Incidentally, the study also noted a range of characteristics among those who experienced cold hands and feet: a lower feeling of thirst, a tendency to have low blood pressure and a higher incidence of migraines, for example, compared to those who didn’t have PVD. . The exact association with these other conditions is not warranted.

Whether any of these factors apply to you is something to consider, but please be assured, cold hands and toes do not affect your overall health.

My 90 year old mom has been on low dose antibiotics (125mg cephalexin) daily for about 2 years to prevent persistent urinary tract infections (UTIs) caused by a permanent catheter. The treatment has worked, and she is infection-free, but I worry about the long-term side effects.

Name and address provided.

Balancing the potential risks of long-term antibiotic treatment with the need to prevent recurrent UTIs can be a challenge.

When a permanent catheter is in place – after surgery in your mother’s case or because of incontinence for example, as you mentioned in your long post – urinary tract infections are an almost inevitable complication.

Bacteria usually colonize the tube that drains urine from the bladder, and these bacteria may travel to the kidneys, causing infection, and can lead to sepsis (a fatal blood infection that can travel around the body).
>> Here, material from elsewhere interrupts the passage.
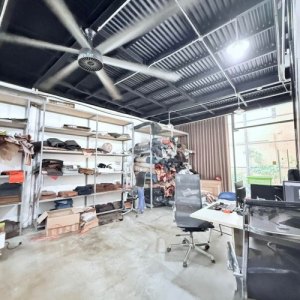 [T2447*] Nhà thu nhập 14tr/Tr.Học gần ĐH Văn Lang, đất hậu nở lộc. giá hấp dẫn 9.x tỷ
This is not a simple infection, which makes it a potential danger that should focus our thinking. The use of catheters – especially permanent or indwelling catheters – is the number one cause of UTIs. But studies comparing daily use of low-dose prophylactic antibiotics with treating infections as they arrive found no difference between the two approaches in terms of preventing complications such as sepsis.

As a result, the National Institute for Health and Care Excellence (NICE) recommendation is that routine prophylaxis in the form of low-dose antibiotics such as the one your mother would receive is no longer recommended. This also takes into account the risk of antibiotic resistance.

Instead, the recommendation is to seek medical advice if symptoms of a UTI appear (bladder pain or a high temperature, for example).

Although, given that your mother has felt fine for the past two years, without UTIs, on the small preventive dose of cephalexin, in my opinion, there is no reason for your mother to stop it for the time being.

In your longer post you said that she has persistent stomach pains, which you are concerned may be caused by the antibiotics. However, I doubt it – the most likely side effect of long-term antibiotic use is diarrhea.

She suggests giving her a daily probiotic, a form of beneficial bacteria, to ensure the antibiotic doesn’t cause undue disruption to her microbiome, the community of gut microbes associated with many elements of health.

I think this makes sense, and I also suggest adding prebiotic — a fiber found in many foods like oats, grains, leafy greens, and fruits that feeds the friendly bacteria in the gut.

You may already be incorporating these foods into your mom’s diet, but if you haven’t, it’s definitely worth doing.

Write to Dr. Score

Write to Dr Score at Good Health, Daily Mail, 9 Derry Street, London W8 5HY or email: [email protected] – include contact details.

Dr. Score cannot engage in personal correspondence. Responses should be taken in a general context. Consult your physician regarding any health concerns.